Very few school boards, superintendents, and principals welcome the prospect of dealing with issues around sex education, often an invitation to controversy and a divided community. If three Harvard University researchers had their way, however, districts across the country would not only teach sex education, but also retool it to focus on healthy relationships.
Sex education courses in most states (22 states and the District of Columbia mandate it) tend to be built around some form of abstinence education. Thirty-seven states require coverage of abstinence, compared to the 18 that require information on contraception, according to the Guttmacher Institute.
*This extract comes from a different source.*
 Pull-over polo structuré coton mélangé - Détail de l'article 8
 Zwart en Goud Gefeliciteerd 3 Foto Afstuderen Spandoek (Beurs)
While sex ed should continue to address these specific issues, say Richard Weissbourd, Amelia Peterson, and Emily Weinstein in the latest issue of Phi Delta Kappan, they argue that it’s time to shift focus away from “self-control” issues and what they call “disaster prevention” – preventing teen pregnancy, sexually transmitted diseases, etc.
Instead, the authors believe sex education should primarily be about helping young people navigate through the rocky emotional terrain of romantic relationships.
“Failure to prepare young people for healthy love and sex can reverberate destructively throughout their lives,” they write. “Divorce (which ends nearly half of all first marriages), constant marital conflict or quieter marital misery, and the inability to even form a relationship all reflect this failure. Sexual education would be far more meaningful and productive if it focused on developing, maintaining, and ending romantic and sexual relationships with integrity and care.”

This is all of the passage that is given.